Gene Expression Ratios Lead to Accurate and Translatable Predictors of DR5 Agonism across Multiple Tumor Lineages

PLoS One. 2015 Sep 17;10(9):e0138486. doi: 10.1371/journal.pone.0138486. eCollection 2015.

Abstract

Death Receptor 5 (DR5) agonists demonstrate anti-tumor activity in preclinical models but have yet to demonstrate robust clinical responses. A key limitation may be the lack of patient selection strategies to identify those most likely to respond to treatment. To overcome this limitation, we screened a DR5 agonist Nanobody across >600 cell lines representing 21 tumor lineages and assessed molecular features associated with response. High expression of DR5 and Casp8 were significantly associated with sensitivity, but their expression thresholds were difficult to translate due to low dynamic ranges. To address the translational challenge of establishing thresholds of gene expression, we developed a classifier based on ratios of genes that predicted response across lineages. The ratio classifier outperformed the DR5+Casp8 classifier, as well as standard approaches for feature selection and classification using genes, instead of ratios. This classifier was independently validated using 11 primary patient-derived pancreatic xenograft models showing perfect predictions as well as a striking linearity between prediction probability and anti-tumor response.
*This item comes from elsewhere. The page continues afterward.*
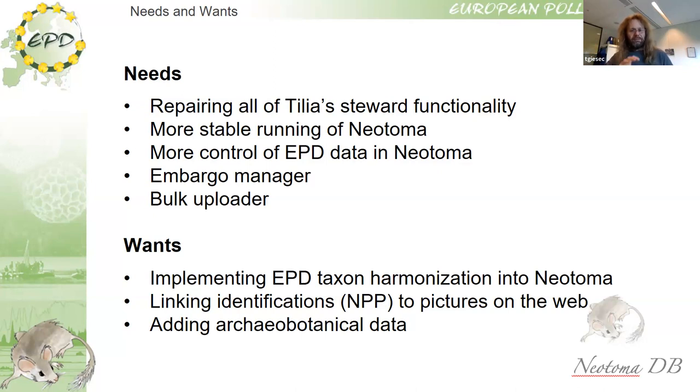Europe is a continent with a long history and much information was gathered in an archaeological context. I believe that the archaeobotanical databases in Europe have many different metadata types that Neotoma currently does not cater for. This would be on the wish list: to explore how Neotoma can be expanded to also accommodate these data types. That is my presentation — thank you very much.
A network analysis of the genes in the ratio classifier captured important biological relationships mediating drug response, specifically identifying key positive and negative regulators of DR5 mediated apoptosis, including DR5, CASP8, BID, cFLIP, XIAP and PEA15. Importantly, the ratio classifier shows translatability across gene expression platforms (from Affymetrix microarrays to RNA-seq) and across model systems (in vitro to in vivo). Our approach of using gene expression ratios presents a robust and novel method for constructing translatable biomarkers of compound response, which can also probe the underlying biology of treatment response.

Publication types

  • Research Support, Non-U.S. Gov't

MeSH terms

  • Animals
  • Apoptosis / genetics
  • Caspase 8 / genetics
  • Cell Line, Tumor
  • Cell Lineage / genetics*
  • Gene Expression / genetics*
  • Gene Expression Regulation, Neoplastic / genetics*
  • Humans
  • Mice
  • Pancreatic Neoplasms / genetics*
  • Protein Biosynthesis / genetics*
  • Receptors, TNF-Related Apoptosis-Inducing Ligand / genetics*
  • Xenograft Model Antitumor Assays / methods

Substances

  • Receptors, TNF-Related Apoptosis-Inducing Ligand
  • CASP8 protein, human
  • Caspase 8

Grant support

This study was funded by Novartis Institutes for Biomedical Research. All authors were employed by Novartis Institutes for Biomedical Research during the course of the study. Novartis Institutes for Biomedical Research provided support in the form of salaries for authors, but did not have any additional role in the study design, data collection and analysis, decision to publish, or preparation of the manuscript. The specific roles of the authors are articulated in the ‘author contributions’ section.